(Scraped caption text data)
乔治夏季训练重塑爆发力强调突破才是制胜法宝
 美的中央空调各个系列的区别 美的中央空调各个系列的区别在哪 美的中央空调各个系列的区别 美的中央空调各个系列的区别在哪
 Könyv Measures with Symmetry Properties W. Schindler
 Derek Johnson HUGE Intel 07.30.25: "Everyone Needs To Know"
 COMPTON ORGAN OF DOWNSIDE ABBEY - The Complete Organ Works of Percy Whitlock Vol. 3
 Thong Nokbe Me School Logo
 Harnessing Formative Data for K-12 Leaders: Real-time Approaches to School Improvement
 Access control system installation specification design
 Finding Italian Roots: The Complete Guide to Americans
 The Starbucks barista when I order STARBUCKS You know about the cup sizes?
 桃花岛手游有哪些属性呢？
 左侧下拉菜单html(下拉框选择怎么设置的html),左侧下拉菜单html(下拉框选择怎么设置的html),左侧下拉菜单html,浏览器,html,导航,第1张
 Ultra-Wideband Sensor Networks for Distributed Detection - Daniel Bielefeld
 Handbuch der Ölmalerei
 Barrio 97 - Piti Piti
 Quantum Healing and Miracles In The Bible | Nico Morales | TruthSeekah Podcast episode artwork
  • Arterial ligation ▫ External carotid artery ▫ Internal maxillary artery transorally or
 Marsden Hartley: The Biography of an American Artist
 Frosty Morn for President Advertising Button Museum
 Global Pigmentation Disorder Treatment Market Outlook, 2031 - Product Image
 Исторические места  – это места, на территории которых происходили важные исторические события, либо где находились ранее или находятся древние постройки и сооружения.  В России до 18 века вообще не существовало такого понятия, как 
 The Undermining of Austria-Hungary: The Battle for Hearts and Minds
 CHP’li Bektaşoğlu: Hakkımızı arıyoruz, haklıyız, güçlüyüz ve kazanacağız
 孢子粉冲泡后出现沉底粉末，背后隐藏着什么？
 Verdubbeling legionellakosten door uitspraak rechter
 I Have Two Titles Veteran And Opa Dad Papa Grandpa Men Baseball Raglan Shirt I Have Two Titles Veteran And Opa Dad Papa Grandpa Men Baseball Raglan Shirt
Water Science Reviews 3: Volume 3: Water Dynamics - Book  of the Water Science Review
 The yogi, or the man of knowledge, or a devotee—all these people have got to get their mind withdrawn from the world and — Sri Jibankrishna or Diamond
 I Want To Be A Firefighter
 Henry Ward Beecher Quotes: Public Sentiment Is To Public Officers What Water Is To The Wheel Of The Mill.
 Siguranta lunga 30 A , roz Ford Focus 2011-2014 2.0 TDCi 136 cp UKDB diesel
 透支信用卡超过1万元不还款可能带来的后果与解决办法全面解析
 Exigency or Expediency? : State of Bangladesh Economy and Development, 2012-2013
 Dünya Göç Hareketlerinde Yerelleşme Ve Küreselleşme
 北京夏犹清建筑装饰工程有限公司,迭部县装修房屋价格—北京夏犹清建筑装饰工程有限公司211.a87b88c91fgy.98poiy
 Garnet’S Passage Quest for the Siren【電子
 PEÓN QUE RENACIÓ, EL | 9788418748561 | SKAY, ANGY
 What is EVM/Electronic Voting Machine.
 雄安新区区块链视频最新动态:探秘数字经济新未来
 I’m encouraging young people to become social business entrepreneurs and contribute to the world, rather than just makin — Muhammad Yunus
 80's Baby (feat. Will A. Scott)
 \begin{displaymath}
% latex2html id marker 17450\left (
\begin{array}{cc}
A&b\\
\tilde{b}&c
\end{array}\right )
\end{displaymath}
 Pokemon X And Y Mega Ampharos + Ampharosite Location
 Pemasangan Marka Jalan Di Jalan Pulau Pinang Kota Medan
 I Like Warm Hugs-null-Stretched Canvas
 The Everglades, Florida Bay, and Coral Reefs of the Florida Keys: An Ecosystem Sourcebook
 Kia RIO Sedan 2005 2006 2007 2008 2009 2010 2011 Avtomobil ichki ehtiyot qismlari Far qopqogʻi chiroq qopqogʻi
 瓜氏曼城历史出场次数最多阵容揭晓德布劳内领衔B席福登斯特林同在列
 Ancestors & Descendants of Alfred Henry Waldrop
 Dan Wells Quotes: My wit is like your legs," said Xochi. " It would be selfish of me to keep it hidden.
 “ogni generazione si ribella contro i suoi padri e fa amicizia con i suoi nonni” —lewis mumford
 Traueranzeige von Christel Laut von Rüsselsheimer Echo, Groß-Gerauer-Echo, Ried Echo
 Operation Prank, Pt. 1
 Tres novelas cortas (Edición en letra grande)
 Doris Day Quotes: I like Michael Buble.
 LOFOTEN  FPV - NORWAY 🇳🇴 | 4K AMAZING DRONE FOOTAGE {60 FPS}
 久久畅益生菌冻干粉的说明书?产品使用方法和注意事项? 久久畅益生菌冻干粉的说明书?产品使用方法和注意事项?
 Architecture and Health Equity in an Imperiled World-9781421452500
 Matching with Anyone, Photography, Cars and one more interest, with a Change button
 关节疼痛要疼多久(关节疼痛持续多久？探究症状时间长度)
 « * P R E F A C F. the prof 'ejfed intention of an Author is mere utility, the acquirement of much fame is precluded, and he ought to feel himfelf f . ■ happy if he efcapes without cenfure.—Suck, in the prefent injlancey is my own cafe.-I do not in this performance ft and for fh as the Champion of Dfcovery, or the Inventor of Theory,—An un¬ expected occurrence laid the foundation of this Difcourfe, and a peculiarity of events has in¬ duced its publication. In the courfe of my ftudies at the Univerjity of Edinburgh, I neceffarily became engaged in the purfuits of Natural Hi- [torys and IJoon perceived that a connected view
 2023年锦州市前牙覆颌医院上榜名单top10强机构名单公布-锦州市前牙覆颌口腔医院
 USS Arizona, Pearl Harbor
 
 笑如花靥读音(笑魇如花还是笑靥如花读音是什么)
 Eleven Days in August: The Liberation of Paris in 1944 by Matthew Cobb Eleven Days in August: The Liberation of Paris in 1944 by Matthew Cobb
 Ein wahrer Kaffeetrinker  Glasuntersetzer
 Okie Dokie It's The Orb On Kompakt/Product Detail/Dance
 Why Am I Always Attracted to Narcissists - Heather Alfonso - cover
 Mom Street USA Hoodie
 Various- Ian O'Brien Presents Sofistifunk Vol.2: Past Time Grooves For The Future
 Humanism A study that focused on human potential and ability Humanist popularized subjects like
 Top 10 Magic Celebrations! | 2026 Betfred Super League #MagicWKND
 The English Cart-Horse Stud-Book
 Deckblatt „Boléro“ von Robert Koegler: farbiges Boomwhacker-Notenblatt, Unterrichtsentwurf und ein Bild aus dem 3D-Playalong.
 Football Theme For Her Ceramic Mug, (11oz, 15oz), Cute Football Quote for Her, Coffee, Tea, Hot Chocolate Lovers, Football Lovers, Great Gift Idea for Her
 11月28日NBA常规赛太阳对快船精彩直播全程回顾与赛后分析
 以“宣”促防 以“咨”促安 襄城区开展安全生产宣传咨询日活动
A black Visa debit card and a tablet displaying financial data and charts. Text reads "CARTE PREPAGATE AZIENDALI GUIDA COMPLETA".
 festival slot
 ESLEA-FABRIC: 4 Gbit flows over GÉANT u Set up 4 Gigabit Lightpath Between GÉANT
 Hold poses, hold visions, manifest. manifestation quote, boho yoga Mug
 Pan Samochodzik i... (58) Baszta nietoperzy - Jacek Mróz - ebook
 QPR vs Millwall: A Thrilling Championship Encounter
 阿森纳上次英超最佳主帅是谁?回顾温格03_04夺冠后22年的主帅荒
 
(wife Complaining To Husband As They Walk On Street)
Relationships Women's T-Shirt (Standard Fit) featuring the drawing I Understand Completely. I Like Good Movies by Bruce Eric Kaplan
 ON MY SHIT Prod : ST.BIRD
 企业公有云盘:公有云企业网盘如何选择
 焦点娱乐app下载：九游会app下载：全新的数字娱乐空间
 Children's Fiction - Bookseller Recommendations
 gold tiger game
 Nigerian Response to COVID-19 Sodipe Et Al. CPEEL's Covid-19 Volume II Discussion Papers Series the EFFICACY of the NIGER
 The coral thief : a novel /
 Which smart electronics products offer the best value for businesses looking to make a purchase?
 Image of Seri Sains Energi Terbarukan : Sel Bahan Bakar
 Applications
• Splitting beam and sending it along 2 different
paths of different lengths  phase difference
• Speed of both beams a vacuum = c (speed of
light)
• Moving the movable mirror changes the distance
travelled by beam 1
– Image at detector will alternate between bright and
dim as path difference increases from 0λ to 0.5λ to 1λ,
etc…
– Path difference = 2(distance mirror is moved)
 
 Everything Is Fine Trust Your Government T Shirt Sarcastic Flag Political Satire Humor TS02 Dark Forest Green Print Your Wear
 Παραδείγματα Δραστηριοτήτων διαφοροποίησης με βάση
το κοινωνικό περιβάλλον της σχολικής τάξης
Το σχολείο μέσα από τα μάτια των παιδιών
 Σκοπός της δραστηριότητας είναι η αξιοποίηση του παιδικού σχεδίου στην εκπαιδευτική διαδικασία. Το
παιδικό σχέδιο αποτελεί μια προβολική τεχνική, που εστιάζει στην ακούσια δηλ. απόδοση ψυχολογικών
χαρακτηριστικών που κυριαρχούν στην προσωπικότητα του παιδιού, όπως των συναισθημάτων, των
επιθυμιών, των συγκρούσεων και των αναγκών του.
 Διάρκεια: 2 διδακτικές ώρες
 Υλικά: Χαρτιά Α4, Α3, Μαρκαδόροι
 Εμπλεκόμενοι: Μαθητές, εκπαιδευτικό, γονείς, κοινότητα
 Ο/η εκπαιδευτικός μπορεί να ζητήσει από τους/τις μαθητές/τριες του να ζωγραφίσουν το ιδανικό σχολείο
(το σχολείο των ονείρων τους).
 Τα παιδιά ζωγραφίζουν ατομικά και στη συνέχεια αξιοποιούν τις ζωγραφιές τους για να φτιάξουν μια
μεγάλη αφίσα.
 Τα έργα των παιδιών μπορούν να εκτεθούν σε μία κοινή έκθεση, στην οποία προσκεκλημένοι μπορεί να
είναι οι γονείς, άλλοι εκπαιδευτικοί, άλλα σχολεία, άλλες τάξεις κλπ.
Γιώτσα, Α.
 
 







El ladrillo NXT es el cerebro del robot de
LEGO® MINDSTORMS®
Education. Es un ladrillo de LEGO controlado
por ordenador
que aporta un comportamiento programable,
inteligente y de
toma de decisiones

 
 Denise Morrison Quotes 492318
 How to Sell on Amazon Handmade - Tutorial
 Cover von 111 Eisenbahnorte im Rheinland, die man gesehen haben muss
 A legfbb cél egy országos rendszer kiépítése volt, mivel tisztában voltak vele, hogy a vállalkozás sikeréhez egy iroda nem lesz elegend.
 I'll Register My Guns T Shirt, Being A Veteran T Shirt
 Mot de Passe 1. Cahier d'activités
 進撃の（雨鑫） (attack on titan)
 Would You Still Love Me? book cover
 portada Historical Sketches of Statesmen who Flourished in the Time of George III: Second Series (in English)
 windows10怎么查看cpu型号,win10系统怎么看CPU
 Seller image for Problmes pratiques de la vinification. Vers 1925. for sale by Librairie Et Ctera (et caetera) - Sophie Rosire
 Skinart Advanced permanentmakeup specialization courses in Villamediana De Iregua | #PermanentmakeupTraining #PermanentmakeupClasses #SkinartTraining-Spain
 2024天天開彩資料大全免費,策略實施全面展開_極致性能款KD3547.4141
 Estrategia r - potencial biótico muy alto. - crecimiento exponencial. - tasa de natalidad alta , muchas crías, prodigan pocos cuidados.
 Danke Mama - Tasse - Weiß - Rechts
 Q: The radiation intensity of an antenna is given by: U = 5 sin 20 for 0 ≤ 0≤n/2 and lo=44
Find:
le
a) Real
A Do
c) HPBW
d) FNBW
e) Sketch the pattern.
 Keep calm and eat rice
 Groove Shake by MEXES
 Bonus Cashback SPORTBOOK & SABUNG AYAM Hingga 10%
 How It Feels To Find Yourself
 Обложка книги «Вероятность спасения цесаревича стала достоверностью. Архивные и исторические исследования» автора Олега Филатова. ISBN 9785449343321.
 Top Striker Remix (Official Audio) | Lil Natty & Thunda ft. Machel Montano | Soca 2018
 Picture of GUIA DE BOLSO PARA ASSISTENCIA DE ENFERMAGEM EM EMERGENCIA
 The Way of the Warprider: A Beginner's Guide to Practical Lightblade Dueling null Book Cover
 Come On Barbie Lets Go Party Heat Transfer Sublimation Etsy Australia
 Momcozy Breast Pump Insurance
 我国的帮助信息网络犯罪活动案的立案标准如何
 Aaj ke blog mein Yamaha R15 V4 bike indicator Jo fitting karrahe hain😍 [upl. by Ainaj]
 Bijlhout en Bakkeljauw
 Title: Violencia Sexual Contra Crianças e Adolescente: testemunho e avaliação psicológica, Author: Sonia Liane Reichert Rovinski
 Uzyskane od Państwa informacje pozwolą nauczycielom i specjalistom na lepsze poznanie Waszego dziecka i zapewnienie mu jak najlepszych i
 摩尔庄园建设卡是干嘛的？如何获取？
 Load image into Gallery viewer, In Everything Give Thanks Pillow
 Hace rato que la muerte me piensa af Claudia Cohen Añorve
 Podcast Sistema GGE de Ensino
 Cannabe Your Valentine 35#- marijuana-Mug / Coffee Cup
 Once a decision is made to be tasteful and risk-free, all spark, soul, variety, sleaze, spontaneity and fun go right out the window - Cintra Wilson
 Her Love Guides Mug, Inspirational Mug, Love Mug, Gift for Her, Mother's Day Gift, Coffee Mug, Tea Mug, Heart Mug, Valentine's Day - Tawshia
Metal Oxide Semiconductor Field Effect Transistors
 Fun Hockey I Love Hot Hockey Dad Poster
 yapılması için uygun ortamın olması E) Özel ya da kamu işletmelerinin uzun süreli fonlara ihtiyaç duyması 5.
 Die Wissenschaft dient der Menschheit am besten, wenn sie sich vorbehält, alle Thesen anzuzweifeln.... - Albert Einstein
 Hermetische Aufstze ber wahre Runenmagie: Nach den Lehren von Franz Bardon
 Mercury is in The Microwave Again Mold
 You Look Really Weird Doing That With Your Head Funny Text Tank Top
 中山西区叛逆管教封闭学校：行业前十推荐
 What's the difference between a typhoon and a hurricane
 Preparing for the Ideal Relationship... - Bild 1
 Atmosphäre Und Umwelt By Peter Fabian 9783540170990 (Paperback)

> **TASK DETAILS**:
Out of the data above, give again only the lines starting at the one holding "FPV - NORWAY" and ending at the one holding "Hold poses, hold", unchanged.

> **RESULT FOR THIS EXERCISE**:
 LOFOTEN  FPV - NORWAY 🇳🇴 | 4K AMAZING DRONE FOOTAGE {60 FPS}
 久久畅益生菌冻干粉的说明书?产品使用方法和注意事项? 久久畅益生菌冻干粉的说明书?产品使用方法和注意事项?
 Architecture and Health Equity in an Imperiled World-9781421452500
 Matching with Anyone, Photography, Cars and one more interest, with a Change button
 关节疼痛要疼多久(关节疼痛持续多久？探究症状时间长度)
 « * P R E F A C F. the prof 'ejfed intention of an Author is mere utility, the acquirement of much fame is precluded, and he ought to feel himfelf f . ■ happy if he efcapes without cenfure.—Suck, in the prefent injlancey is my own cafe.-I do not in this performance ft and for fh as the Champion of Dfcovery, or the Inventor of Theory,—An un¬ expected occurrence laid the foundation of this Difcourfe, and a peculiarity of events has in¬ duced its publication. In the courfe of my ftudies at the Univerjity of Edinburgh, I neceffarily became engaged in the purfuits of Natural Hi- [torys and IJoon perceived that a connected view
 2023年锦州市前牙覆颌医院上榜名单top10强机构名单公布-锦州市前牙覆颌口腔医院
 USS Arizona, Pearl Harbor
 
 笑如花靥读音(笑魇如花还是笑靥如花读音是什么)
 Eleven Days in August: The Liberation of Paris in 1944 by Matthew Cobb Eleven Days in August: The Liberation of Paris in 1944 by Matthew Cobb
 Ein wahrer Kaffeetrinker  Glasuntersetzer
 Okie Dokie It's The Orb On Kompakt/Product Detail/Dance
 Why Am I Always Attracted to Narcissists - Heather Alfonso - cover
 Mom Street USA Hoodie
 Various- Ian O'Brien Presents Sofistifunk Vol.2: Past Time Grooves For The Future
 Humanism A study that focused on human potential and ability Humanist popularized subjects like
 Top 10 Magic Celebrations! | 2026 Betfred Super League #MagicWKND
 The English Cart-Horse Stud-Book
 Deckblatt „Boléro“ von Robert Koegler: farbiges Boomwhacker-Notenblatt, Unterrichtsentwurf und ein Bild aus dem 3D-Playalong.
 Football Theme For Her Ceramic Mug, (11oz, 15oz), Cute Football Quote for Her, Coffee, Tea, Hot Chocolate Lovers, Football Lovers, Great Gift Idea for Her
 11月28日NBA常规赛太阳对快船精彩直播全程回顾与赛后分析
 以“宣”促防 以“咨”促安 襄城区开展安全生产宣传咨询日活动
A black Visa debit card and a tablet displaying financial data and charts. Text reads "CARTE PREPAGATE AZIENDALI GUIDA COMPLETA".
 festival slot
 ESLEA-FABRIC: 4 Gbit flows over GÉANT u Set up 4 Gigabit Lightpath Between GÉANT
 Hold poses, hold visions, manifest. manifestation quote, boho yoga Mug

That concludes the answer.